Nicole Lou is a native New Yorker and a graduate of Williams College with majors in Spanish and Biology. She has worked with plants, bacteria, birds, and mice during her times in various labs and is excited to learn how basic science can better reach humans. You might run into her on one of her quests for dim sum and a good trivia game in town.
Vasudevan Mukunth grew up in Chennai, India. A chance encounter with a theoretical physicist while studying mechanical engineering left him fascinated with the philosophy of quantum field theory. He then spent two years with a national daily bringing high-energy physics to a low-energy audience, and experimenting with ideas of future newsrooms. At SHERP, he hopes to take both pursuits to the next level, with a break from small-town Chennai in the Big Apple.
Emily Silber graduated from Connecticut College where she majored in English and Anthropology and minored in Art. She recently completed an internship with the Smithsonian Institution’s Arctic Studies Center in Anchorage, Alaska where she camped with a team of researchers and archaeologists in the wilderness, excavating old Tlingit seal hunting sites near the Hubbard Glacier. In addition to writing and anthropology, she enjoys painting, photography and being outside.
Hanneke Weitering is a lifelong physics fanatic from Knoxville, Tennessee. While pursuing a B.S. in Physics at the University of Tennessee, she discovered her passion for science communication and dove into the world of journalism. First, she began writing stories for the Sci/Tech column at Tennessee Journalist. Afterwards she joined the Joint Institute for Computational Sciences at Oak Ridge National Laboratory, where she wrote features about research being performed on the Kraken and Nautilus supercomputers.

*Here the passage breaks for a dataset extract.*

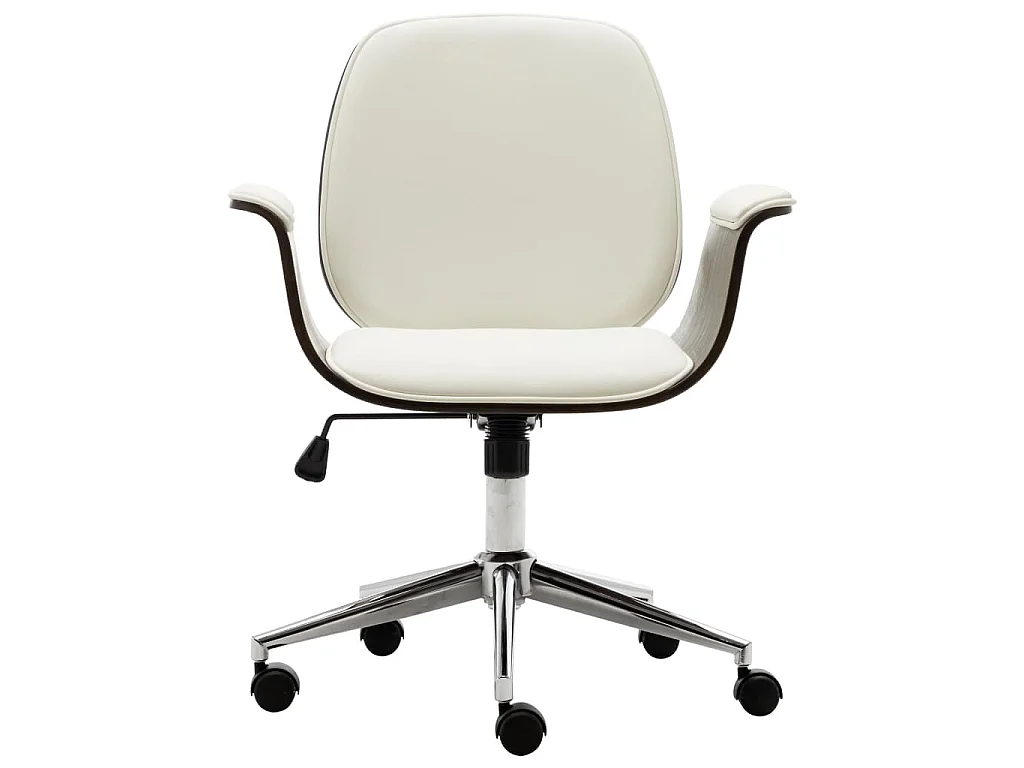 Bürostuhl Weiß Bugholz und Kunstleder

Steph Yin spent her undergraduate career at Brown University chasing research opportunities—leading her to a remote island in Indonesia, a Marine Corps Base in North Carolina and salt marshes across Cape Cod—before she realized she preferred the stories to the academic interpretations of these experiences. Armed with an Environmental Science degree and two decades of science media consumption (she read all her Kids Discovers), she’s making the move from dreamy Providence to NYC.

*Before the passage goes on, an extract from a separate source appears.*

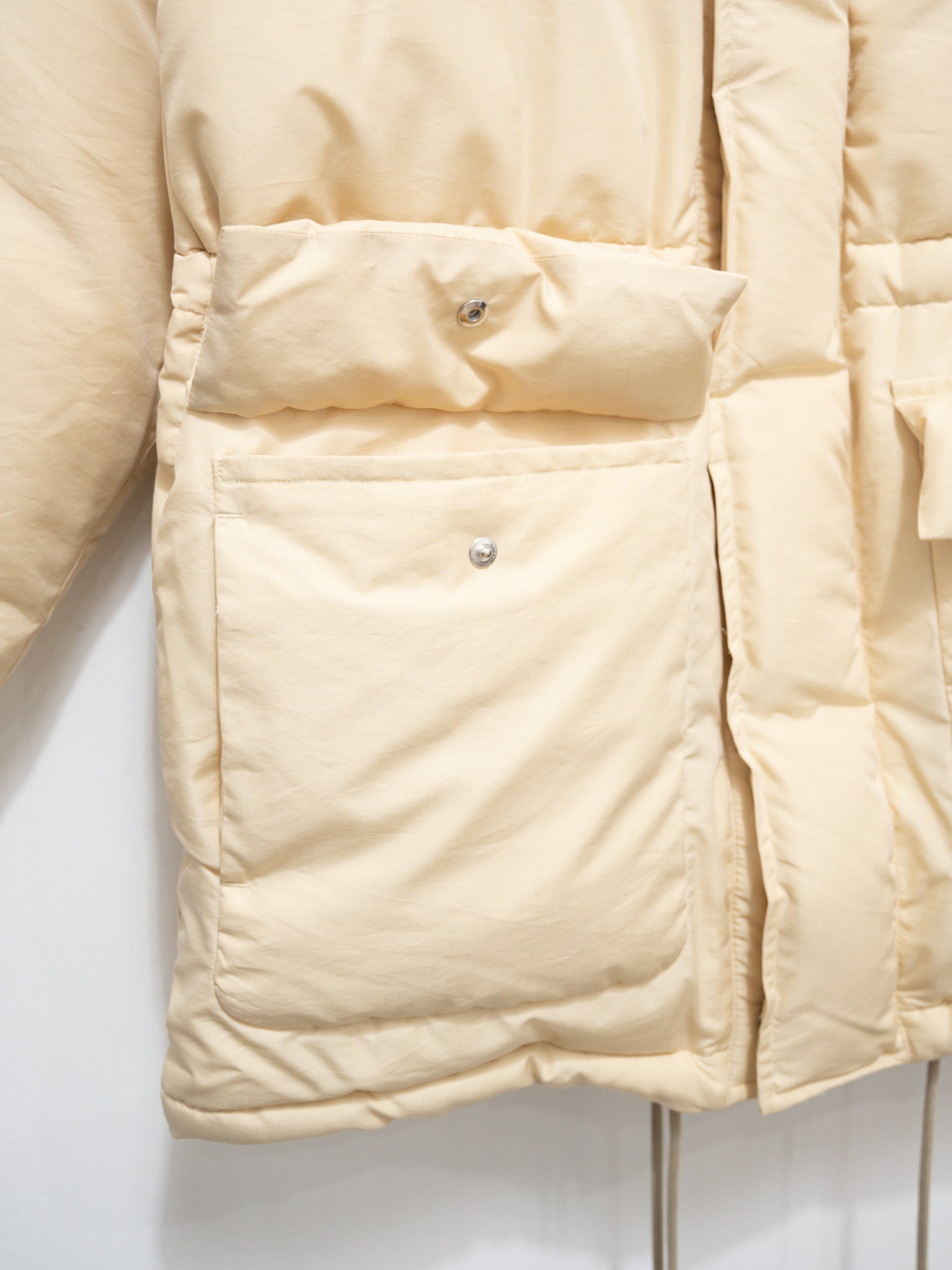 Namu Shop - Auralee Fine Polyester Chambray Down Coat - Light Ivory Chambray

Lauren Young is passionate for both science and writing, as she majored in Biology and minored in English at California Polytechnic State University, San Luis Obispo. Between bug hunting and wielding micropipettes, Lauren created an academic journal for scientists-in-training and wrote stories for her university library’s blog. She also loves traveling, show tunes and strong coffee. Lauren can’t wait to begin her adventures as a SHERPie in New York City.